-- What is being asked --
Every line below is to be given again precisely; images are to be left out.

[[ Dataset section, beginning ]]

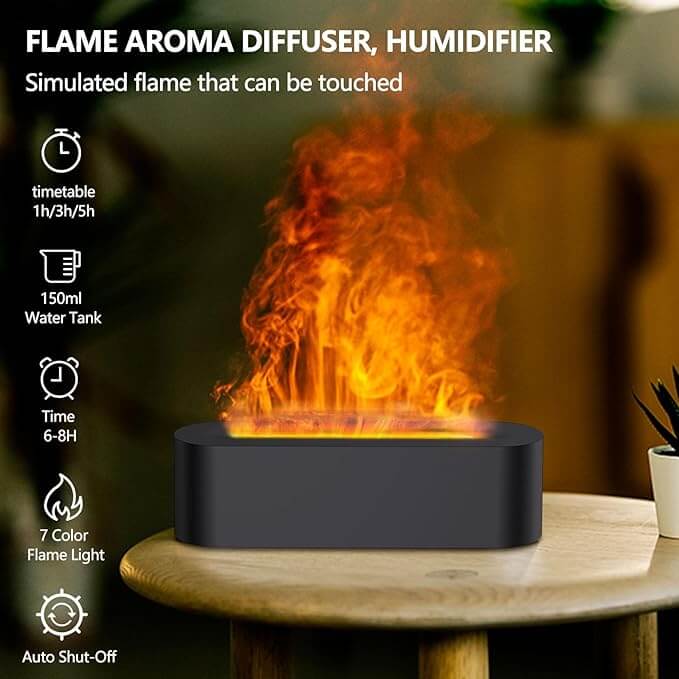 Flammen-Diffusoren für ätherische Öle, Upgrade-Aromatherapie-Diffusor mit 7 Farblichtern, Öldiffusor, Luftbefeuchter, Aromadiffusoren für Zuhause, Schlafzimmer, Büro, Yoga, Timer und wasserlose automatische Abschaltung, 150 ml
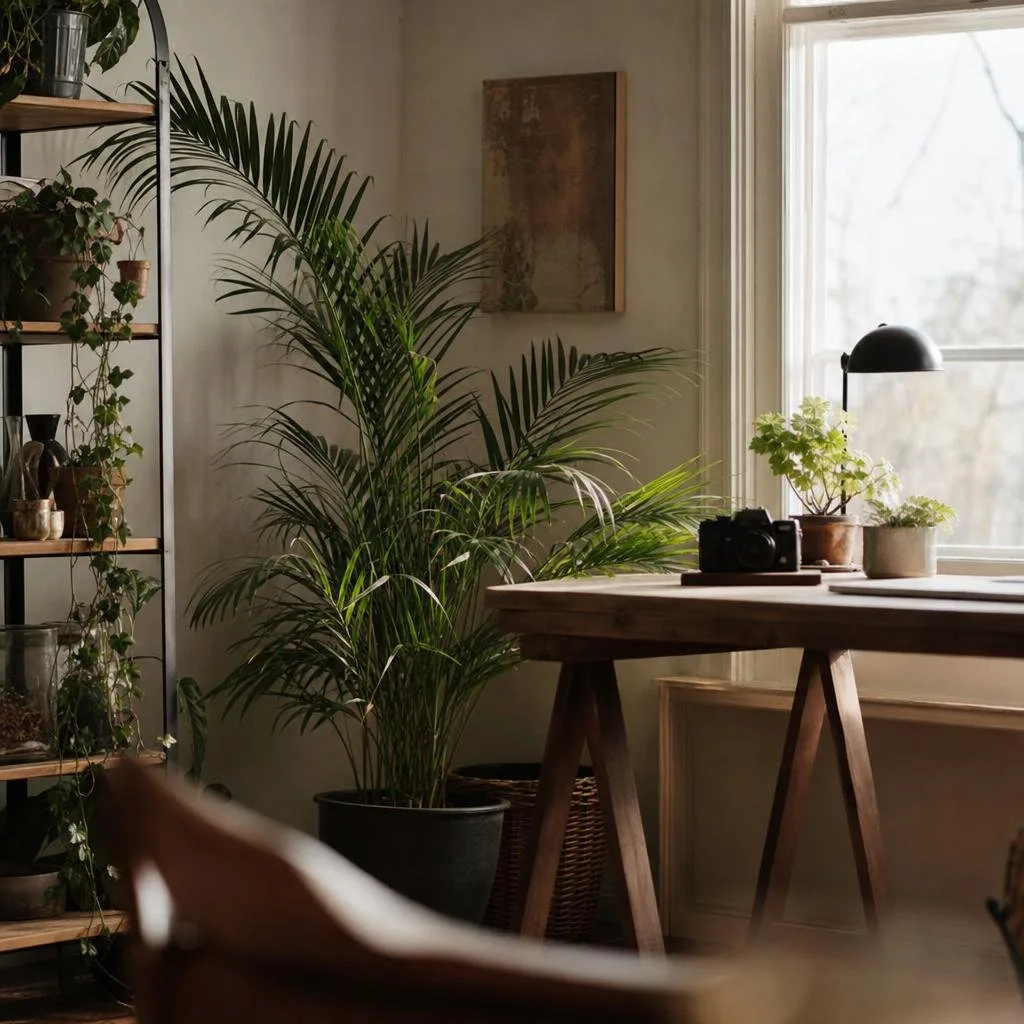 A bright, plant-filled corner of a home studio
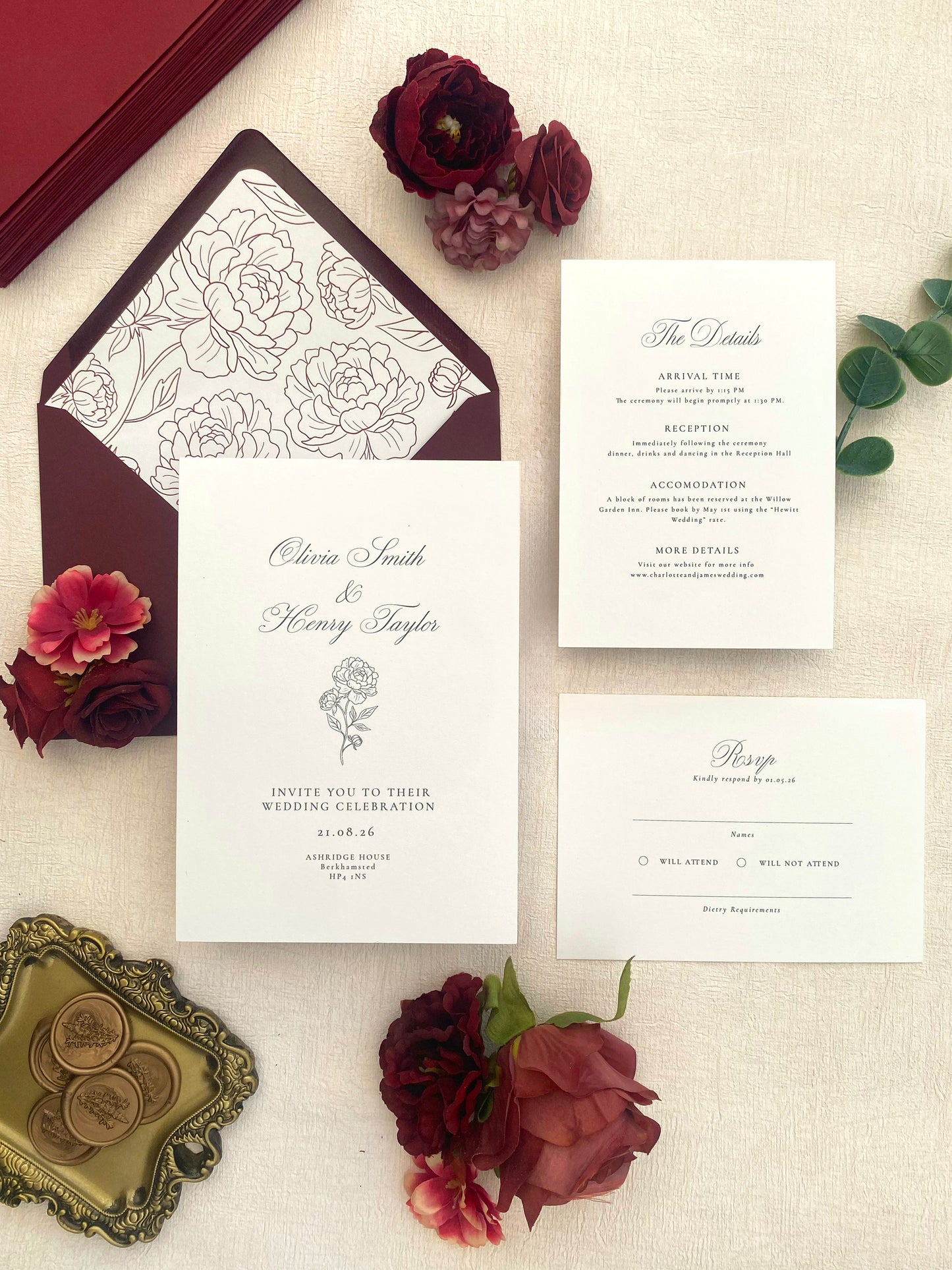 Elegant Wedding Invitation Suite - Adeline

[[ Dataset section, end ]]

-- Final answer --
 Flammen-Diffusoren für ätherische Öle, Upgrade-Aromatherapie-Diffusor mit 7 Farblichtern, Öldiffusor, Luftbefeuchter, Aromadiffusoren für Zuhause, Schlafzimmer, Büro, Yoga, Timer und wasserlose automatische Abschaltung, 150 ml
 A bright, plant-filled corner of a home studio
 Elegant Wedding Invitation Suite - Adeline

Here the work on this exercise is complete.